Ora il Papa Teologo vuole in qualche modo, con la sua scelta, “desacralizzare” il Papato come spesso è stato inteso dal Medioevo in poi: il Papa come “Santo Padre”, “Dolce Cristo in terra”, quasi il surrogato vivente di Gesù. Ciò che conta, afferma Benedetto XVI con le sue dimissioni, non è la persona, ma il ruolo. Il senso più vero del papato è quello “ministeriale”, di servizio all’unità della Chiesa, servizio che deve cessare quando non si è più in forze per svolgerlo fruttuosamente. Si ritorna così al concetto che ne aveva la Chiesa dei primi secoli, quando la Chiesa non era vissuta come organizzazione piramidale e verticistica, ma il Vescovo di Roma era colui che diceva l’ultima e definitiva parola tra le questioni che sorgevano tra le varie Chiese sorelle, e pertanto il garante e il custode ultimo dell’unità di tutta la Chiesa. «Il Vescovo della sede romana non è “più” Vescovo di colui che presiede una Chiesa locale. Il Papa, però, svolge in maniera unica il suo ministero, quello dell’unità, che è a favore di tutti i Vescovi» (S. T. Stancati).
Presentandosi alla Chiesa e al mondo come un qualunque Vescovo che, a una certa età, rassegna le dimissioni perché non più pienamente in grado di svolgere il suo ministero, il Papa non dà, come dice qualcuno, la visione di un Chiesa che cerca l’efficienza, ma quella di una Chiesa tutta di Cristo in cui ciascuno è chiamato a servire in umiltà (Lc 17,10).

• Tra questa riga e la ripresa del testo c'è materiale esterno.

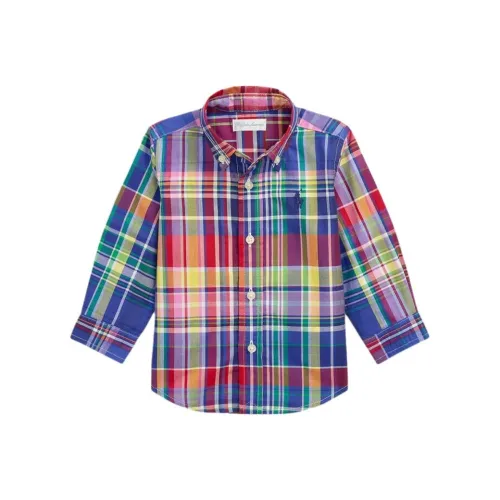 Polo Ralph Lauren Рубашка FW24 Стандартный крой Синий Красный Для малышей и детей дошкольного возраста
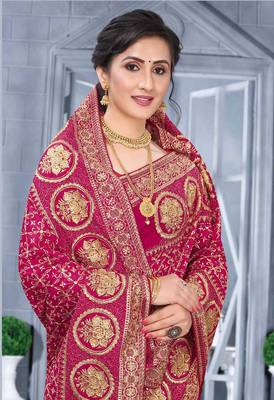 Desginer magenta zari stone embroidery silk saree 2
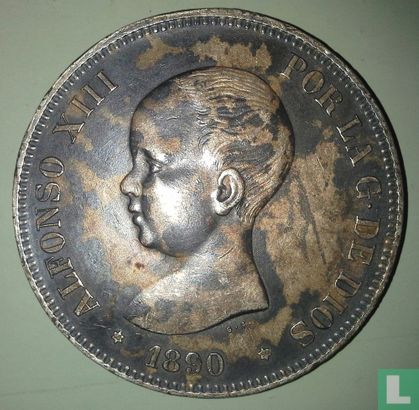 Spain 5 pesetas 1890 (MP-M) - Image 1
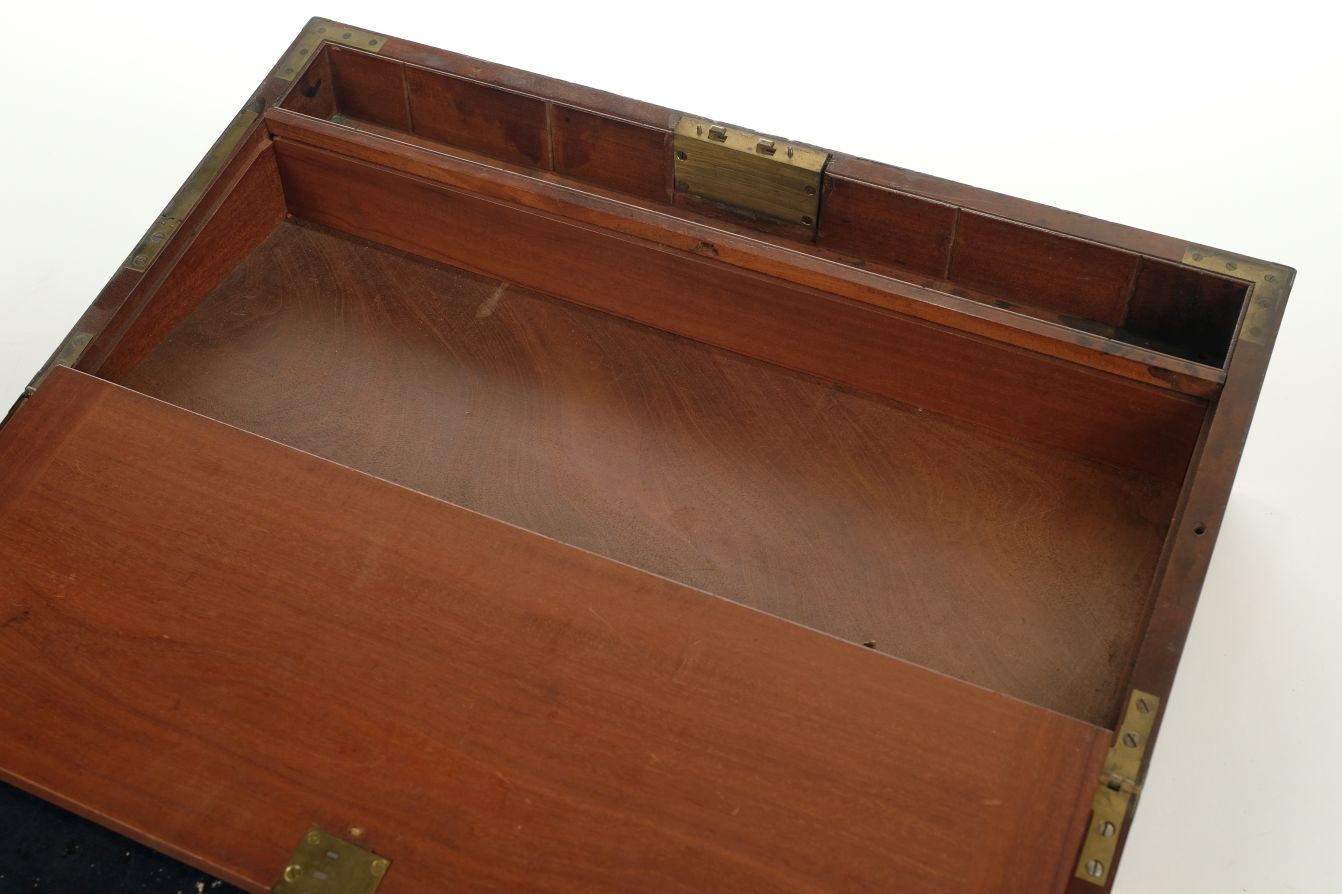 *Writing Box. Victorian mahogany and brass bound writing box, the hinged lid enclosing blue tooled - Image 5 of 5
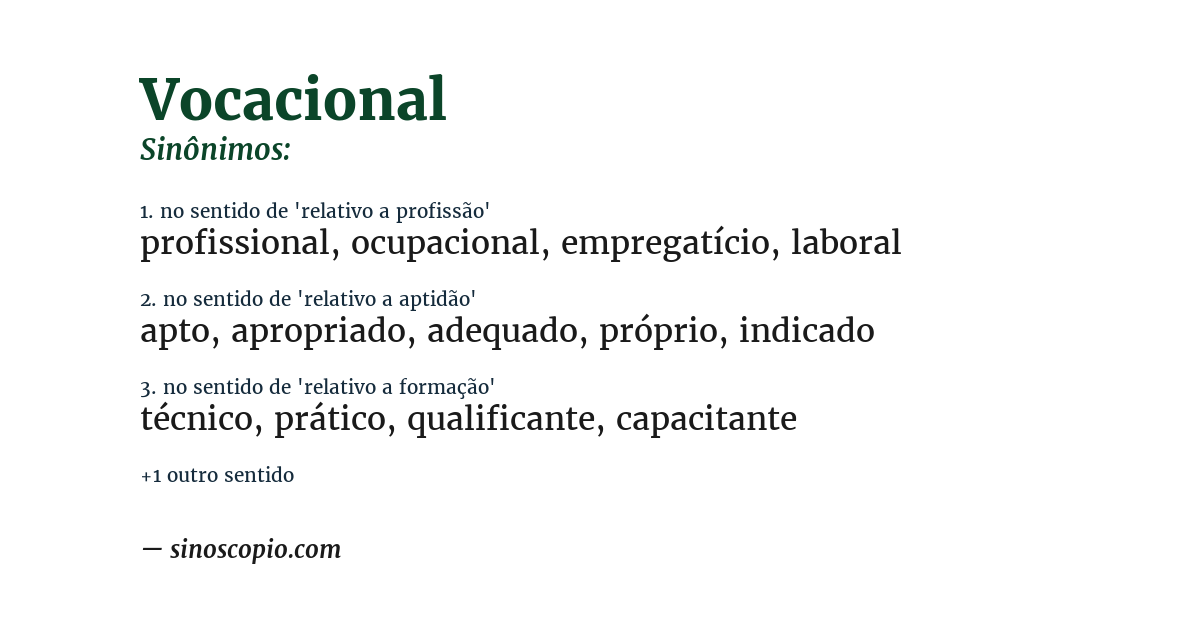 Sinônimo de vocacional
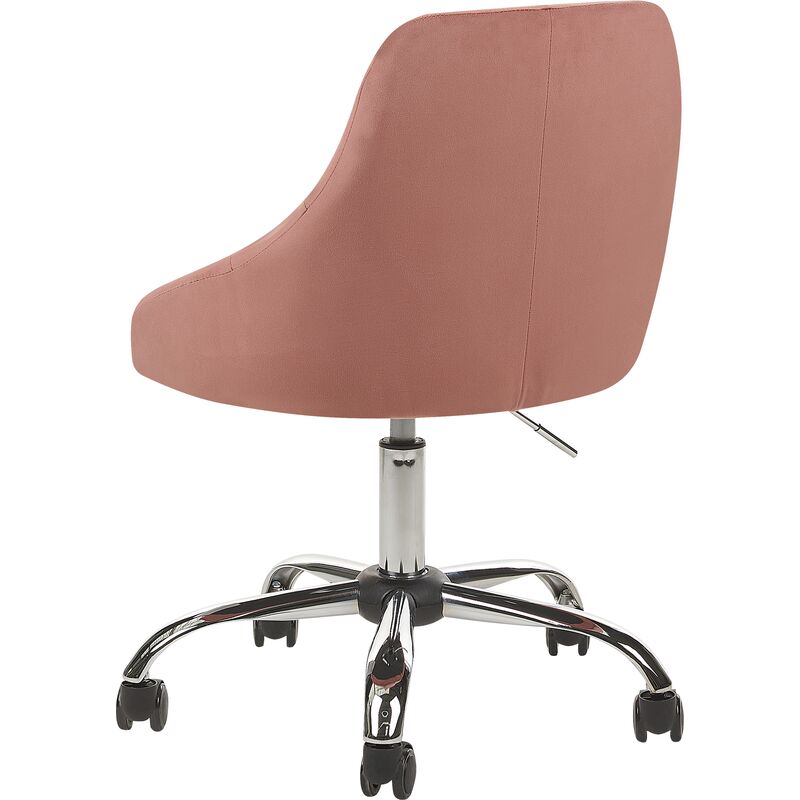 Costway Pink Velvet Accent Office Armchair Adjustable Swivel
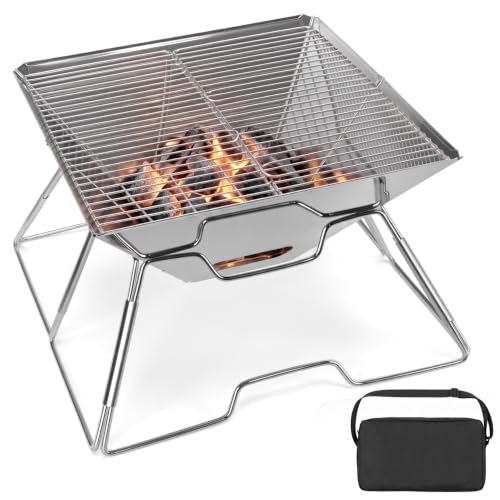 QWORK® Faltbarer Camping Feuerschale Feuerkorb aus Edelstahl für Garten Camping Outdoor-Aktivitäten (Quadrat)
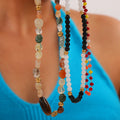 Beaded Necklaces Black White Colorful Or Natural Stone Mix view 3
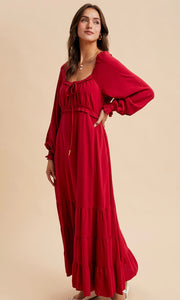 Lian Cranberry Ruffled Fit and Flare Maxi Dress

È questo un grande passo anche in senso ecumenico, perché se le altre confessioni cristiane rifiutano una concezione “sacrale” del pontificato, possono invece ben aprirsi a considerare la grande primitiva tradizione che vedeva nella Chiesa di Roma, come già scriveva Ignazio di Antiochia all’inizio del II secolo, quella «che presiede alla carità» («prochathemène tès agàpes»), con una «una vera posizione di preminenza nella fede e nell’amore» (K. Bihlmeyer, H. Tuechle), utile, anzi indispensabile per tutti coloro che vogliono essere discepoli di Gesù.
Le dimissioni di Benedetto XVI sono quindi l’ultimo grande Magistero del Papa teologo.